On Fri, 18 Nov 2011 23:39:20 -0600
Peter Samuelson <firstname.lastname@example.org> wrote:
The most common reasons for cross-architecture differences appear to
be (in random order):
- Compiling GNU message catalogs with gettext, which uses native
endianness (see bug #468209).
(Hmm, I did get v.carried away earlier in this bug report didn't I?
Sorry, Santiago. I genuinely thought this was a lot more important at
the time. All that cross-building was driving me scatty.)
Having read that bug log, it's not clear to me whether there's a
consensus about what to do about these. Neil thinks we need native
endian .mo (which is problematic for multiarch)
Native isn't quite the right meaning - same endianness as the
DEB_HOST_ARCH platform is what I intended to implement in Emdebian
based on the --endianness option to msgfmt. (Native could mean
DEB_BUILD_ARCH which is worse for cross-building than just picking one
endianness and sticking with it.)
, others think we need
.mo to be Arch: all and "dont-care"-endian. Has any consensus emerged?
After more work on exactly what's going on with endianness and .mo
files, Emdebian switched to making our TDebs Arch:all and letting
gettext deal with the endianness before the Squeeze release, by which
time the cross-built version of Emdebian was already inoperable. I
should have followed that up to the bug log - it was closed and
archived at that point but I forgot to check it. Sorry.

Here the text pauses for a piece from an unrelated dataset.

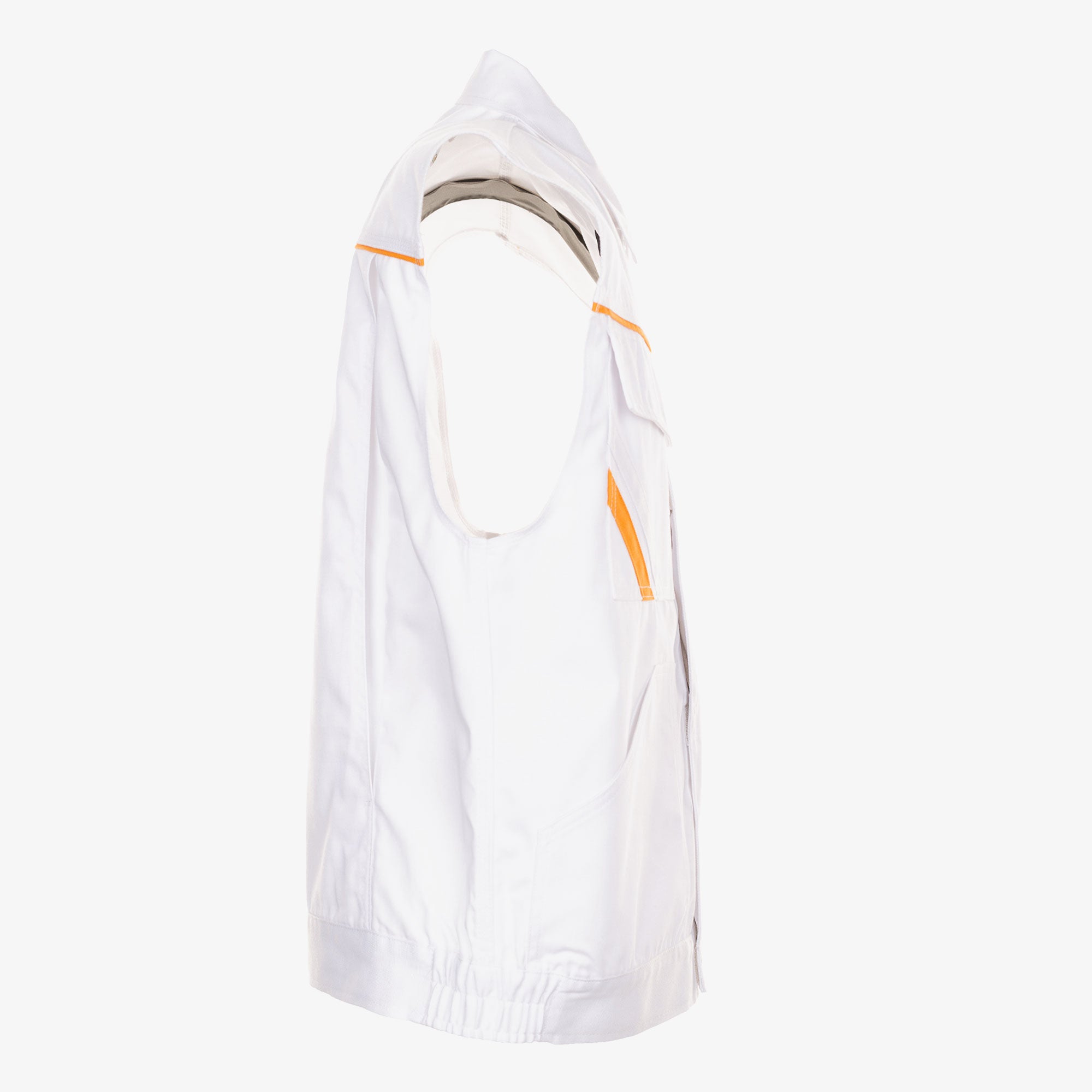 #en:color_white,hr-HR:boja_bijela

As long as the behaviour is always *consistent* across native builds and
cross-builds, I would be happy with having all .mo files with the same
endianness. By preference, little endian.
Like Santiago (468209#66), I maintain a library which has translations.

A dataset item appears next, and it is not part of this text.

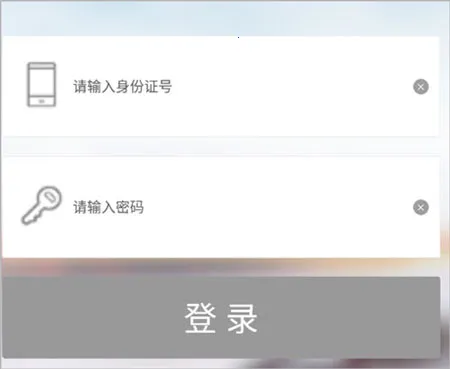 ���ټ���(�ݿ�ѧϰƽ̨)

For that package I have put the .mo files into a -data package
(qof-data) precisely because that allows the Architecture:any libqof2
to depend on the Arch:all qof-data, thereby solving the MultiArch
This is also compatible with the TDeb proposal for Arch:all TDebs which
contain .mo files (as well as the more difficult problem of the
translated debconf templates file) because packages like qof-data can
easily be processed as TDebs once those mechanisms are available.

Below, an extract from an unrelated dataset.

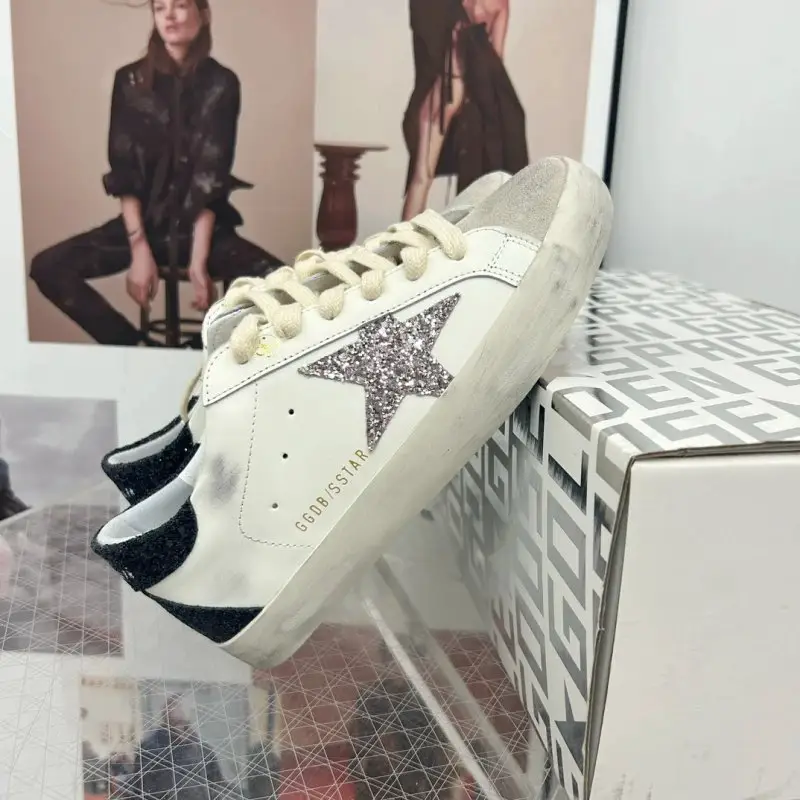 shoes, 尺码45,46,47定制不退换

And is it worth splitting out a -l10n or -data package from a library
just so the library itself can be M-A: same? (I suppose a side benefit
is you can use Recommends and cut down a little on the size of your
strict Dependency closure.)
Yes, it is worth having -l10n, -tdeb, -data packages, precisely to get
the library M-A: same. MultiArch wasn't a consideration when #468209
was opened or when the TDeb proposal was created in 2008.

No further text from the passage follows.